130th General Assembly: The Ohio House and Senate will hold sessions and committee meetings this week. The House Education Committee, chaired by Representative Stebelton, will meet on November 6, 2013 at 5:00 PM in hearing room 121 and consider HB193 (Brenner) High School Diploma Requirements; HB8 (Roegner) School Safety Laws; HB215 (Devitis) School Safety; and HB296 (Johnson/Duffey) Schools-Epinephrine Autoinjectors.
The Senate Education, Senator Lehner chair, will meet on November 6, 2013 at 4:00 PM in the South Hearing Room, and consider SB220 (Gardner) Post-Secondary Enrollment Options Program; SB122 (Sawyer) ODE Office of Regional Services and Accountability: and SB123 (Sawyer) Interdistrict Open Enrollment.
Legislative Update: Governor Kasich signed into law on October 31, 2013 HB97 (Brenner/Letson), which designate October as “Dyslexia Awareness Month.”
The Ohio Senate on October 30, 2013 approved HB127, another bill that “designates a month”, this time naming March “Career-Technical Education and Skilled Workforce Development Month.”
The House Education Committee, chaired by Representative Stebelton, reported out HB216 (Patterson) School Indebtedness. This bill would forgive a school districtʻs Solvency Assistance Fund debt upon its voluntary consolidation with another school district, when certain conditions are met. The bill was designed to assist the Ledgemont Local School District consolidate with a neighboring school district.
The House Ways and Means Committee reported out HB 107 (Baker) High School Internships. The bill would create a grant program for businesses that employ high school students in career exploration internships.
2013 General Election: Election Day is November 5, 2013. According to the Secretary of Stateʻs Office there will be 1,678 local issues including 194 school issues. Information about school issues is available.
Report Shows An Increase in the Number of Homeless Children in Schools: The U.S. Department of Education released its annual report on homeless children and teens enrolled in schools during the 2011-12 school year, the most recent data available. The report is entitled “Education for Homeless Children and Youths Program, Data Collection Summary From the School Year 2011-12, Federally Required State Data Collection for the McKinney-Vento Education Assistance Improvements Act of 2001, and Comparison of the SY 2009-10, SY 2010-11, and SY 2011-12 Data Collections,” National Center for Homeless Education, October 2013.

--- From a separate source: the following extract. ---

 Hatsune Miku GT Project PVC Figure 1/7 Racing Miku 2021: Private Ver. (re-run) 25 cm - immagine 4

According to the report, “In SY 2011-12, LEAs with and without subgrants reported 1,168,354 homeless students enrolled in school, a 10 percent increase from SY2010-11 (1,065,794), and a 24 percent increase over the three-year period, SY 2009-10 (939,903) to SY 2011-12. LEAs with McKinney-Vento subgrants reported 68 percent (790,603) of the total number of homeless students enrolled (1,168,354).”

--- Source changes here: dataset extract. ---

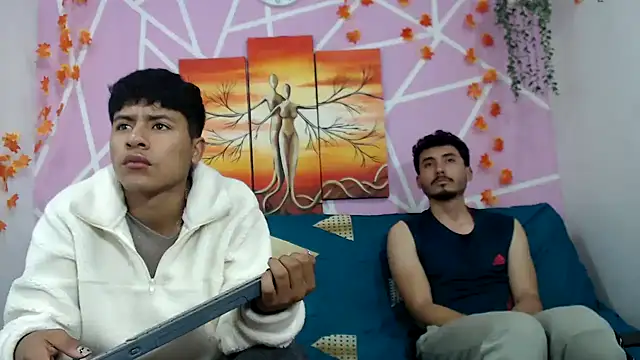sebas boys577 online show from October 12, 2025, 1:23 pm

The states with the highest number of homeless students are California, New York, Texas, and Florida. Ten states reported increases of over 20 percent in the number of homeless children. States with the greatest percent increase in homeless students are North Dakota (212 percent increase); Maine (58 percent increase); Michigan (42 percent increase), and Wyoming (40 percent increase.)
The number of homeless students in Ohio increased from 19,113 in SY 2009-10; to 21,849 in SY 2010-11; and to 24,236 in SY 2011-12.
The report notes that, “The number of students living in doubled-up and in hotels/motels situations increased between SY 2010-11 and SY 2011-12, and the number of students whose primary nighttime residence was categorized as sheltered or unsheltered decreased. For the past three years, the doubled-up category has been the most frequently reported primary nighttime residence category and the number of students reported under this category has increased 32 percent over that three-year period.”
The report shows that there was a decrease in the number of homeless students considered unaccompanied youth in 2011-12, but an increase in the number of homeless children with disabilities and children with Limited English Proficiency.
In terms of academic achievement, 75 percent of the total number of homeless students enrolled in grades 3-8 took state reading and math tests in SY 2011-12. Of the number of all homeless students enrolled in grades 3-8, 51 percent met or exceeded proficiency standards in reading in SY2011-12, and 48 percent met or exceeded proficiency standards in math in SY 2011-12.
The report is available.
Budget Conference Committee Meets: The Congressional Budget Conference Committee, which was created as part of the agreement to reopen the federal government (H.R. 2775) met on October 30, 2013. The 29 member committee is led by Senator Patty Murray (D-Washington), Senator Jeff Sessions (R- Alabama), Representative Paul Ryan (R-Wisconsin), and Representative Chris Van Hollen (D-Maryland). The purpose of the committee is to develop a federal budget by December 13, 2013, to avoid another government shutdown after January 15, 2014. In order to find a compromise budget, the committee will be discussing tax cuts and tax increases, sequestration, entitlement programs, and Obamacare. The next meeting is not scheduled until November 13, 2013, due to House and Senate scheduling conflicts.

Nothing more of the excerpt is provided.